Não é novidade. Apenas se comprova o que, desde há nove meses a esta parte, vimos dizendo.

As políticas do pacto não travam o crescimento da dívida. Pelo contrário, agravam o problema.

De acordo com as previsões da própria Comissão Europeia, a dívida pública portuguesa ultrapassará os 110 por cento do PIB em 2012 (há um ano rondava os 100%).

Nas emissões de dívida realizadas no início deste ano, os juros atingiram os níveis mais elevados de sempre, desde a entrada no euro (apesar da vigência do pacto de agressão, o Estado português continua a emitir dívida pública, a curto prazo, para assegurar parte das suas necessidades de financiamento). O spread dos títulos a dez anos (ou seja, a distância face aos juros cobrados à Alemanha, pela emissão de títulos com idêntica maturidade) ronda os 16 por cento, no que apenas somos ultrapassados pela Grécia.

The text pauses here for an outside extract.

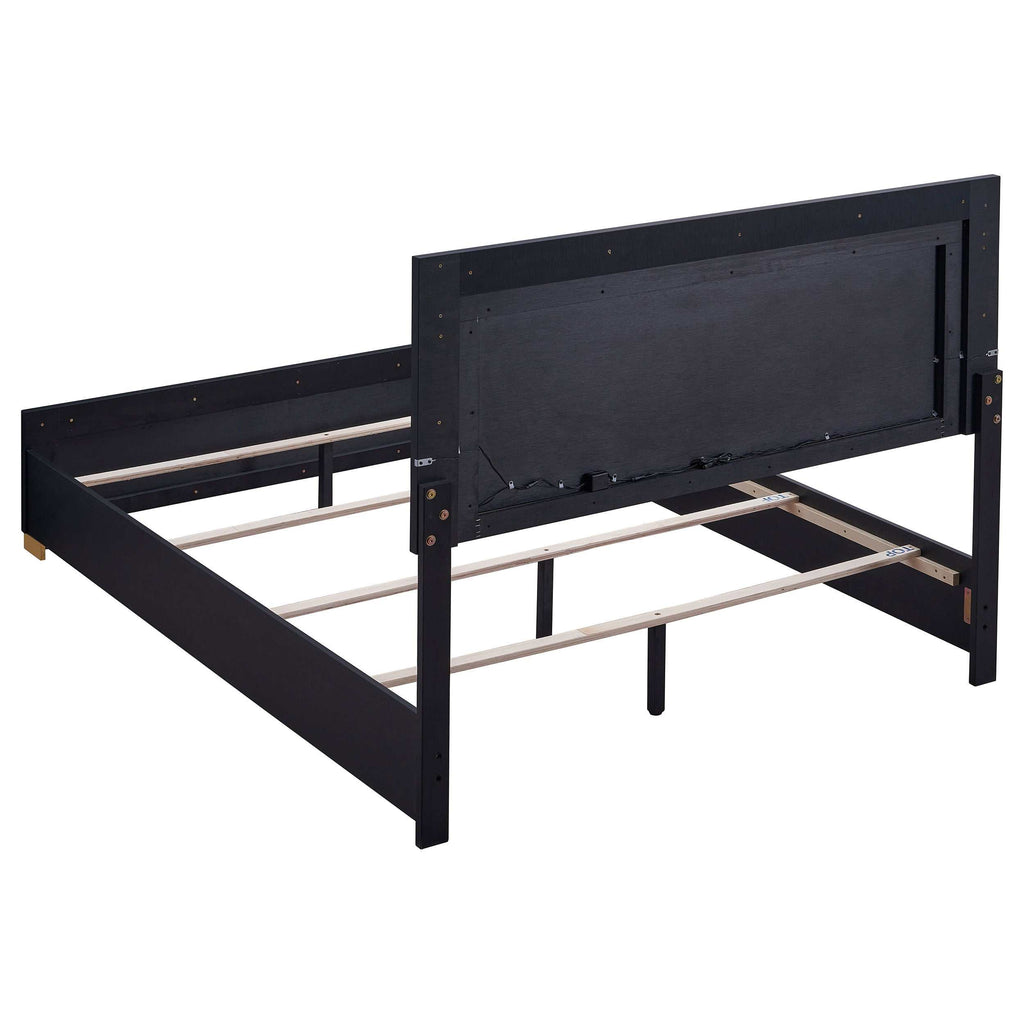 Holmsby Monterey Ii Bedroom Set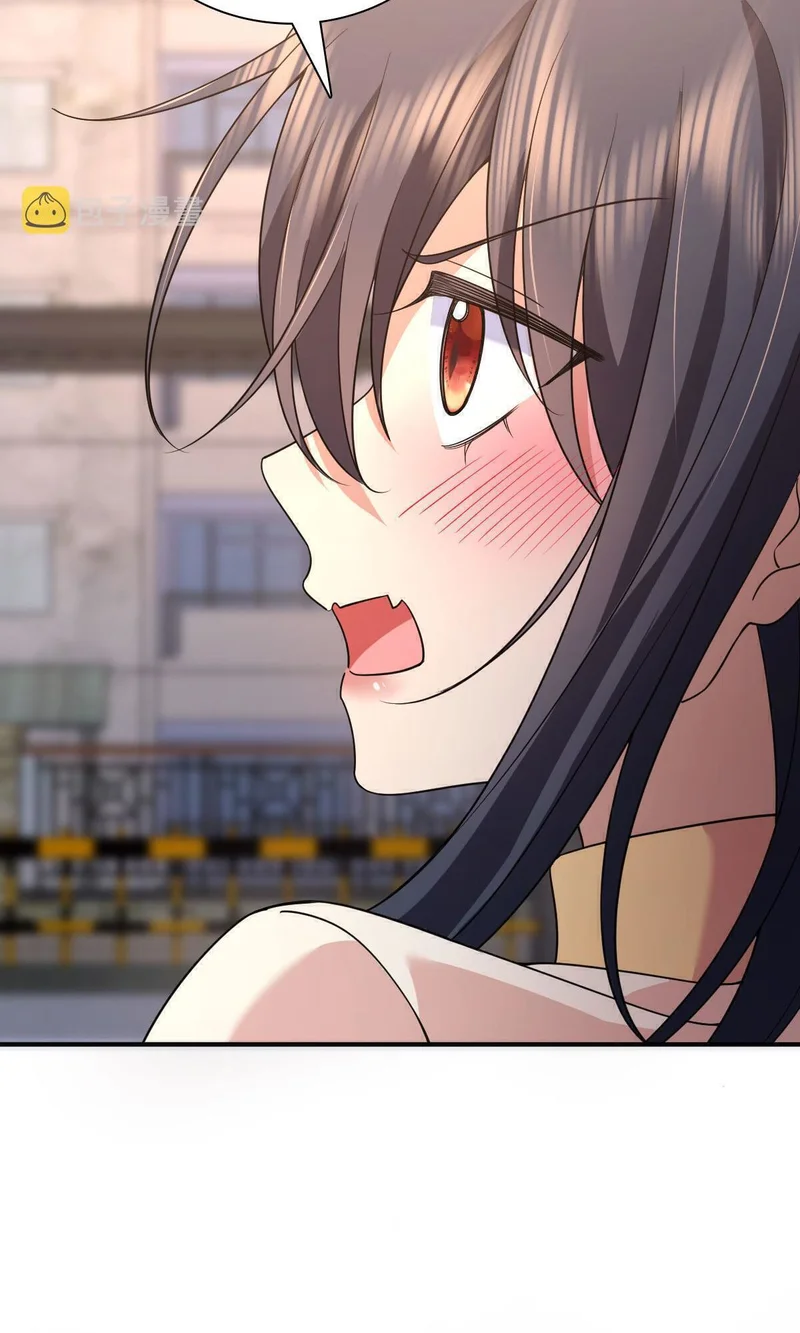 My Wife is from Thousand Years ago — Chapter 93 — page 49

Intensifica-se, assim, o processo de extorsão de recursos nacionais, a que o País se encontra submetido. Os juros da dívida pública são uma das vias pelas quais essa extorsão se pratica, mas não a única – veja-se o caso das privatizações.

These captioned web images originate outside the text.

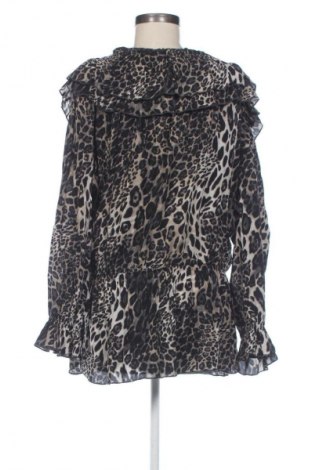 Γυναικεία μπλούζα Junona, Μέγεθος L, Χρώμα Πολύχρωμο, Τιμή 17,39 €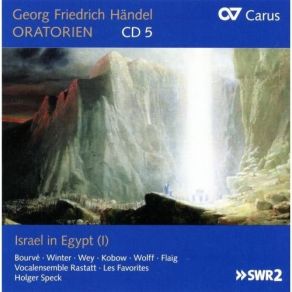 Download track 6. Chorus: Their Bodies Are Buried In Peace Georg Friedrich Händel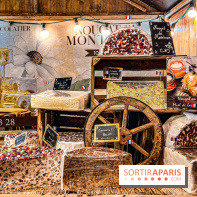 Marché de Noël de Saint-Germain-des-Près à Paris - image00008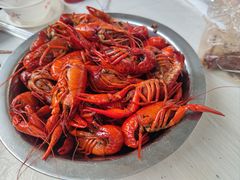 -五七小李子油焖大虾(总店)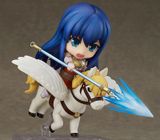  Nendoroid Shiida New Mystery of the Emblem Edition 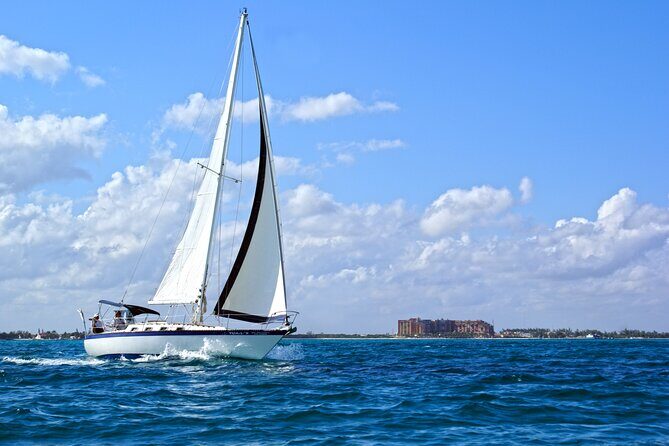 Private Cancun Sailboat Cruise with Beers and Sodas Included - Practical Details: What You Should Know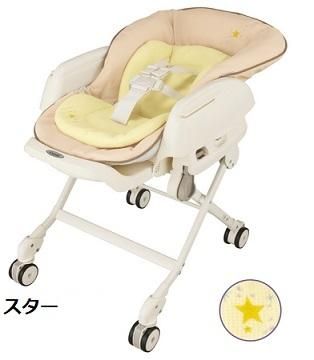 Combi ネムリラ オートスウィング simplight - ベビー用家具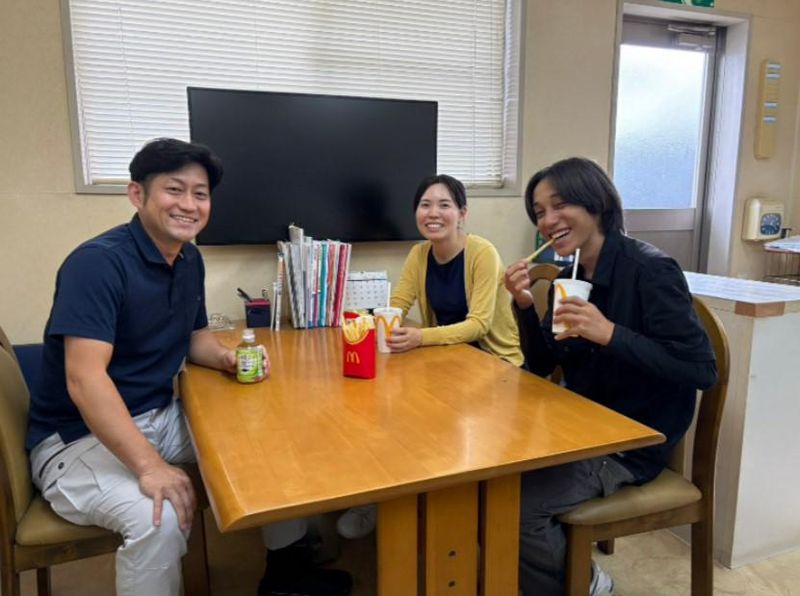 有限会社ディンプルの求人・転職情報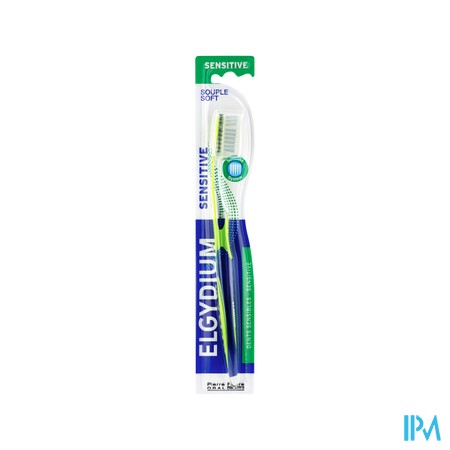 Elgydium Sensitive Brosse A Dents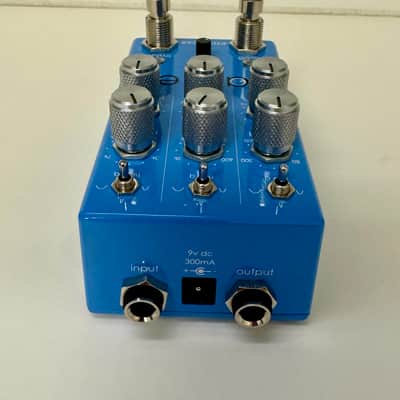 Empress ParaEQ MKII image 3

A Grécia, onde a agressão leva um ano de avanço, demonstra à evidência as consequências do caminho traçado pelo FMI e a UE. A recessão aprofunda-se, o desemprego e a dívida disparam; a devastação social e económica atinge proporções dramáticas.

O dobrar de cerviz do ministro Gaspar ante o ministro das Finanças alemão, transmitido pelas televisões na passada semana, durante o último ECOFIN, deita definitivamente por terra as juras de que a Grécia seria um caso único. Por cá, com um cinismo a toda a prova, alguns dos que há nove meses negociaram a venda do País invocam agora uma alteração dos pressupostos deste primeiro pacto de agressão para, tal como sucede na Grécia, abrir caminho a um segundo, lá para 2013.

No fundo, todos admitem agora o que já todos há muito perceberam (a começar pelos «mercados»): nas condições dos pactos de agressão FMI-UE, a dívida é impagável.

Neste contexto, confirmam-se duas teses essenciais:

A primeira: que as medidas do actual Governo, longe de serem temporárias ou excepcionais, visam na verdade uma subversão e reconfiguração profunda e duradoura do regime democrático-constitucional.

A segunda: que a derrota deste pacto de agressão constitui a mais premente tarefa que se coloca aos trabalhadores e ao povo português. A luta, previsivelmente prolongada, contra a sua aplicação, constituirá um factor decisivo na determinação do rumo da vida nacional nos próximos anos, ou mesmo décadas.

 

Um novo tratado europeu

 

A aplicação, no plano interno, das medidas do pacto de agressão FMI-UE/PS-PSD-CDS, decorre no contexto de inquietantes e perigosos saltos no processo de integração capitalista europeia.

Depois da «governação económica» e do «pacto para o euro mais», surge agora o chamado «pacto orçamental e fiscal», inscrito no Tratado sobre a Estabilidade, Coordenação e Governação na União Económica e Monetária.

A intenção é forçar a inscrição nas constituições nacionais ou em «lei equivalente» (com carácter «permanente») dos critérios do Pacto de Estabilidade, na sua versão revista e reforçada, ou seja, a imposição de orçamentos sem défice, ou seja, perpetuar as políticas ditas de austeridade – as políticas dos pactos de agressão FMI-UE.

Em caso de incumprimento por parte de um Estado, é despoletado «automaticamente» um «mecanismo de correcção», que obrigará esse Estado a implementar medidas, definidas pela Comissão Europeia, que corrijam os «desvios». E de ora em diante, será adoptado o princípio da «maioria invertida» para a aplicação de sanções. Ou seja, as sanções – que poderão ir até 0,1 por cento do PIB (cerca de 170 milhões de euros, aos valores actuais) – passarão a ser automáticas, só podendo ser impedidas por uma maioria qualificada de estados-membros.

Agrava-se a escalada no ataque à soberania dos povos e à democracia, através de um tratado que foi feito à margem das regras da própria UE, e que se quer assinar à pressa e à força, nas costas dos povos, ainda no primeiro trimestre de 2012.

A luta, em Portugal, contra o pacto de agressão é indissociável da luta contra este tratado, que o quer eternizar. Uma luta que se vai ampliando pela Europa fora, e que é semente de esperança para um futuro melhor.